▶ [ASSIGNMENT] Copy out each line of the listing that has the word "Black" in it.

▶ [TASK MATERIAL]

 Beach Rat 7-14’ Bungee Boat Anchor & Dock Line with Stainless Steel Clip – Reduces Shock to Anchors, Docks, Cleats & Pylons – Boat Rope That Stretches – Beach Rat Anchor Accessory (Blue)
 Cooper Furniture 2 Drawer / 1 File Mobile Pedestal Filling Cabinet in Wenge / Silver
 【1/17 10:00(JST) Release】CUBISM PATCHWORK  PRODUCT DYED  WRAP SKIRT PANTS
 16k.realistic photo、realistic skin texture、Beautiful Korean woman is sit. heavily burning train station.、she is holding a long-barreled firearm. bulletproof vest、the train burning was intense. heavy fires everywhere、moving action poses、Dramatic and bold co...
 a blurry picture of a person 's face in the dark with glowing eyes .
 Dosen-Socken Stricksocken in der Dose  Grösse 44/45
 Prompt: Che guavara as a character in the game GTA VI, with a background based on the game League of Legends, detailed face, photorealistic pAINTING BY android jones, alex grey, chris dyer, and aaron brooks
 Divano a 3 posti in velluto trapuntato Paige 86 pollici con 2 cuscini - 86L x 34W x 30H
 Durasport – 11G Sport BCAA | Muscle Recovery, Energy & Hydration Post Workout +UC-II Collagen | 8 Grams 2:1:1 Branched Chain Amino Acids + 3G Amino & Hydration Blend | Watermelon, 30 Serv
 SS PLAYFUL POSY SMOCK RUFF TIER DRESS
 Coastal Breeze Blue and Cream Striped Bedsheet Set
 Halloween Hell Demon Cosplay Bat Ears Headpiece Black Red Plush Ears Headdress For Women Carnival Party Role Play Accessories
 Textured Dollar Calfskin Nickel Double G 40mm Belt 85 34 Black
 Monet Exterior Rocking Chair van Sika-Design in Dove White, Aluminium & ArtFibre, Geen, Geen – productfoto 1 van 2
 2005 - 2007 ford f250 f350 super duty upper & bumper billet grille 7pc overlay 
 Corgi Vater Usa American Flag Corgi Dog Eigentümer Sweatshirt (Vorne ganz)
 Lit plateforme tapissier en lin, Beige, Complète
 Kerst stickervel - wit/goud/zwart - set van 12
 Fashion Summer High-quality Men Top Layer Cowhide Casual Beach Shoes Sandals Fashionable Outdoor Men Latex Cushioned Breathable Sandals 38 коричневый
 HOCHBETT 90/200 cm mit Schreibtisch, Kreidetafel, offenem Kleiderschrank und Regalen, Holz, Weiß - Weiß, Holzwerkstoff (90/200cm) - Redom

▶ [RESPONSE]
 Halloween Hell Demon Cosplay Bat Ears Headpiece Black Red Plush Ears Headdress For Women Carnival Party Role Play Accessories
 Textured Dollar Calfskin Nickel Double G 40mm Belt 85 34 Black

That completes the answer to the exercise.